There is no LOAD JSON function in the cypher language, so loading JSON files requires passing the fully parsed JavaScript object as a parameter and using UNWIND to access arrayed properties and objects to create nodes. (This guide helped me out a lot to get started: Loading JSON in neo4j). Since GeoJSON is just a spec built on JSON conventions, the load JSON method works great for reasonably sized files.
However, geographic data files can be massive. Some of the files I'm trying to import range from 100 features to 200,000 features.
The problem I'm running into is that with these very large files, the query will not MERGE any nodes in the database until it has completely processed the file. For large files, this often exceeds the 3600s timeout limit set in neo4j. So I end up waiting for an hour to find out that I have no new data in my database.
I know that with some data, the current recommendation is to convert it to CSV and then use the optimization of LOAD CSV. However, I don't believe it is easy to condense GeoJSON into CSV.

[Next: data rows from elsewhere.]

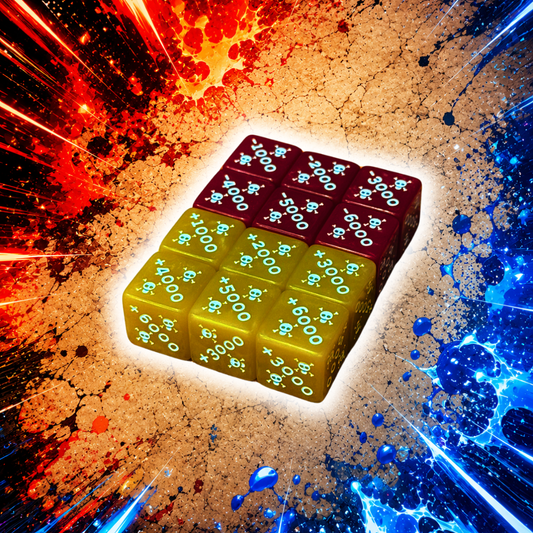 Marbled Resin Counter Dice — Compatible with One Piece TCG | +1000 to +6000 & -1000 to -6000 (Set of 12)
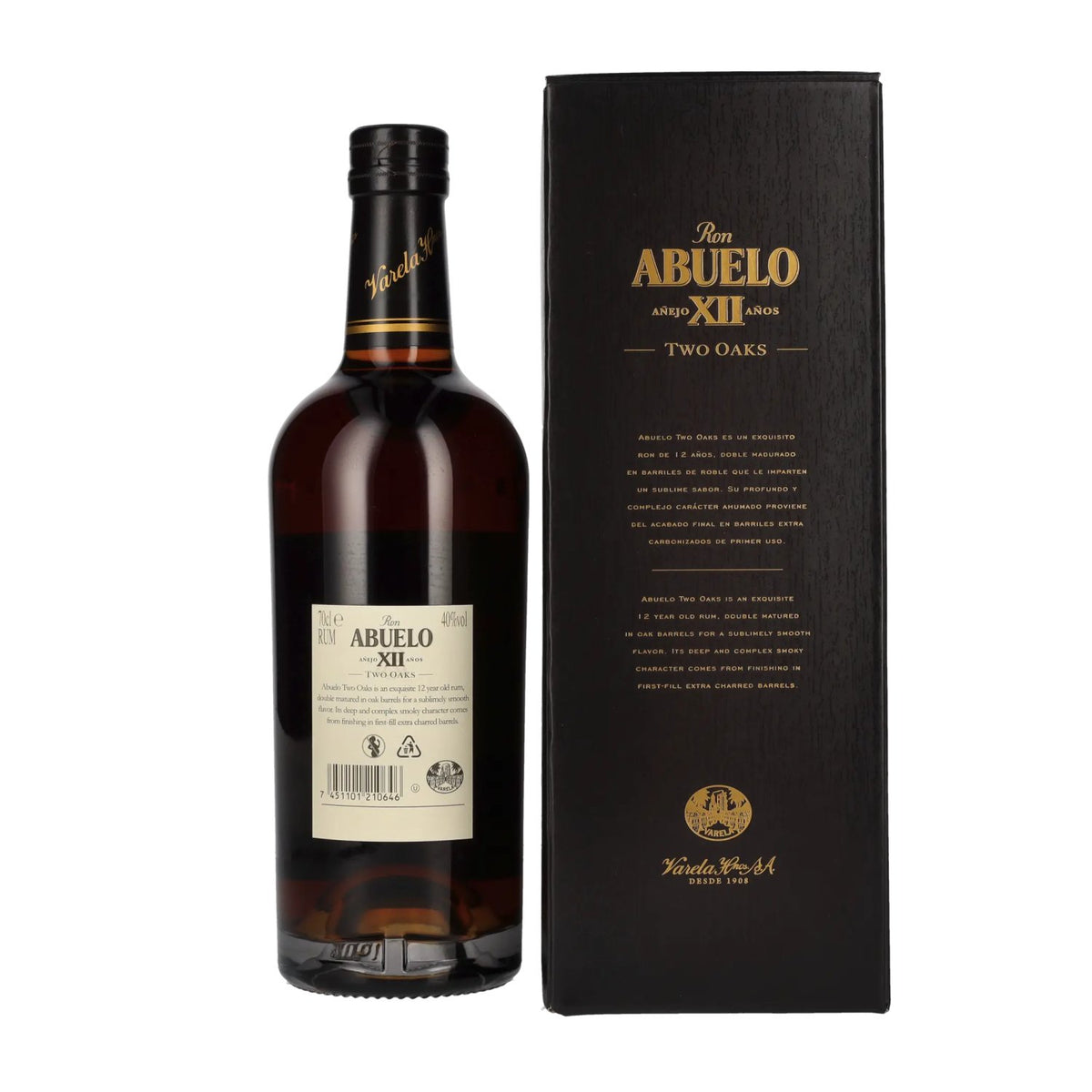 Ron Abuelo Añejo XII Años TWO OAKS Double Matured 40% Vol. 0.7l in Gift Box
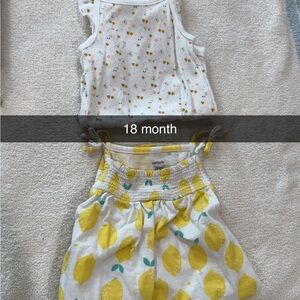 2 Carter's Bodysuits - White and Yellow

Is it possible to send the data from a very large JSON/GeoJSON file over in smaller batches so that neo4j will commit the data intermittently?
To import my data, I built a simple Express app that connects to my neo4j database via the bolt protocol (using official binary JS drivers). My GeoJSON files all have a well known text (WKT) property for each feature so that I can make use of neo4j-spatial.
Here's an example of the code I would use to import a set of road data:
session.run("WITH {json} as data UNWIND data.features as features MERGE (r:Road {wkt:features.properties.wkt})", {json: jsonObject})
.then(function (result) {
var records = [];
result.records.forEach((value) => {
records.push(value);
});
console.log("query completed");
session.close();
driver.close();
return records;
})
.catch((error) => {
console.log(error);
// Close out the session objects
session.close();
driver.close();
});
As you can see I'm passing in the entire parsed GeoJSON object as a parameter in my cypher query. Is there a better way to do this with very large files to avoid the timeout issue I'm experiencing?
Upvotes: 6
Views: 1548
Reputation: 1723
This answer might be helpful here: https://stackoverflow.com/a/59617967/1967693
apoc.load.jsonArray() will stream the values of the given JSON file. This can then be used as data source for batching via apoc.periodic.iterate.
CALL apoc.periodic.iterate(
"CALL apoc.load.json('https://dummyjson.com/products', '$.features') YIELD value AS features",
"UNWIND features as feature MERGE (r:Road {wkt:feature.properties.wkt})",
{batchSize:1000, parallel:true}
)
Upvotes: 0